O “Meu Deus, meu Deus, por que me abandonaste?” é oração, não de desespero, mas de certeza jubilosa do triunfo final, como alude mais adiante o mesmo Salmo 21, 20: “Porém, vós, Senhor, não vos afasteis de mim; ó meu auxílio, bem depressa me ajudai” (Sl 21,20). Diante da extremada situação vivenciada no Calvário, sentindo-se abandonado por Deus e por seus amigos, sentindo o peso dos nossos pecados sobre si, o Filho não perde a confiança em seu Pai.
“Tenho sede!” (Jo 19, 28), eis a quinta fala do Cordeiro Imaculado. Obedecendo as Escrituras, Jesus sente sede. O suor, o sangue perdido, a poeira, a dor… tudo leva a “Fonte de Água Viva” (cf. Jo 4, 10) a reclamar estar sedento. Que espécie de sede é esta que Jesus sentira? Seria sede física apenas? Ou sede de Deus; ou por almas; ou mesma causada pela humilhação, pelos incontáveis opróbrios que sofreu?

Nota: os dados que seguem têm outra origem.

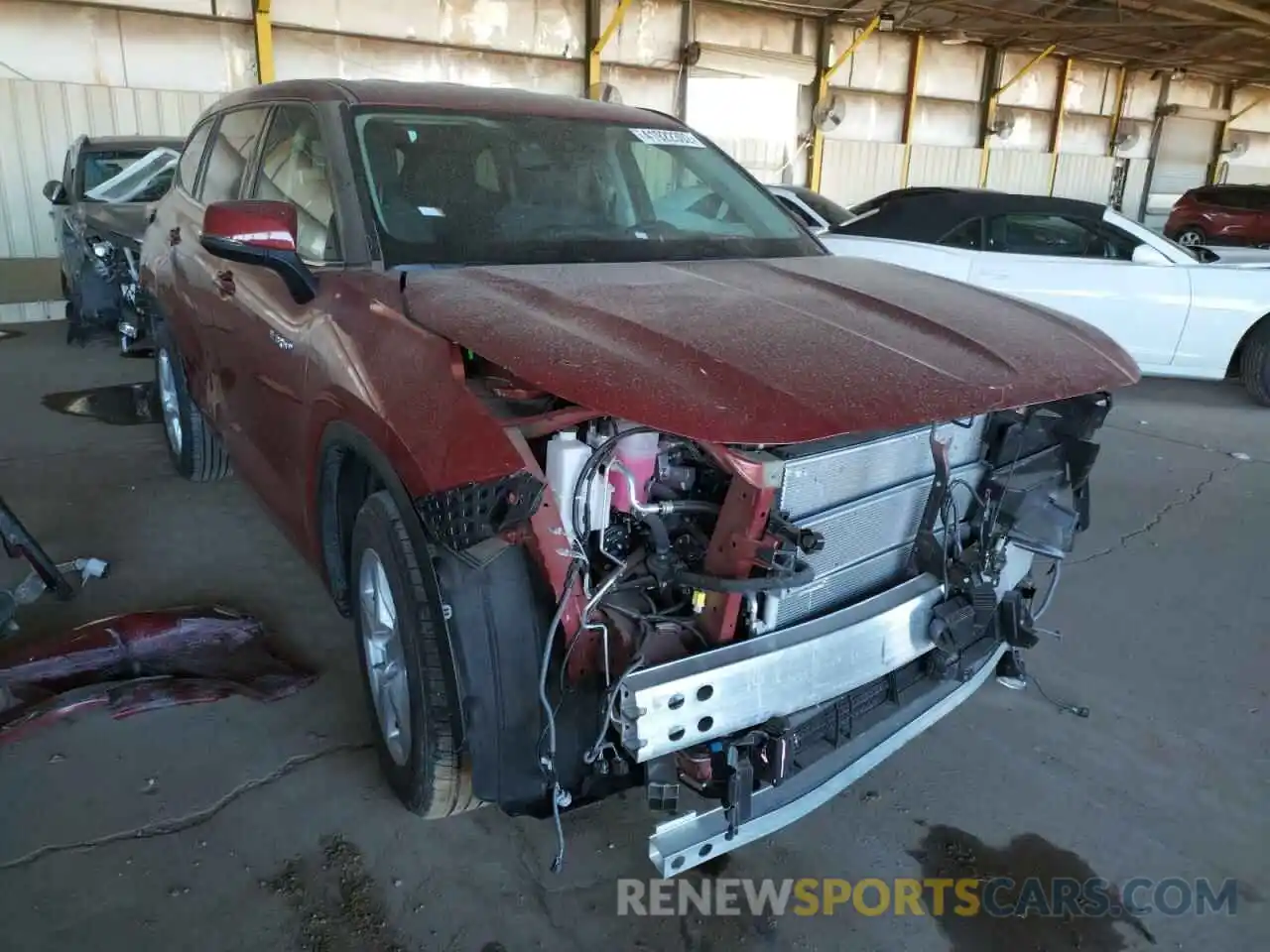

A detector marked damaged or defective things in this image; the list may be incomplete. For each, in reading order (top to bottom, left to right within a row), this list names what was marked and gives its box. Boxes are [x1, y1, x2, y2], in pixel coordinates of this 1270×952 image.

damaged maroon suv [141, 81, 1143, 878]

No versículo 34 deste mesmo Evangelho, vemos o soldado romano traspassar-lhe o lado. E, do peito aberto de Jesus, sai sangue e água. A água que purifica é a mesma água do batismo; é a mesma água que sai do seu lado, símbolo dos sacramentos.
Eis que lhe oferecem por bebida o vinagre, o fel. Neste sentido, afirma-nos Santo Agostinho: “Padecia tudo isso o que aparecia homem, e o dispunha tudo o que se ocultava Deus. Por isso diz: ‘Depois, sabendo que tudo se havia consumado, a fim de que se cumprissem as Escrituras’, isto é, o que havia predito a Escritura: ‘E, em minha sede, ofereceram-me vinagre’ (Sl 68, 22), disse: ‘Tenho sede’, como se dissesse: Isto falta fazer, dai o que sois. Como que os judeus eram o vinagre, degenerado do vinho dos patriarcas e profetas. Havia, pois, ali, um vaso cheio de vinagre, como um coração cheio de iniquidade deste mundo, a maneira de esponja, cheia de cavernosas e enganosas tortuosidades. E segue: ‘E eles, colocando uma esponja empapada em vinagre sustentado por um hissopo, aplicaram em sua boca’” (In Ioannem, tract., 119).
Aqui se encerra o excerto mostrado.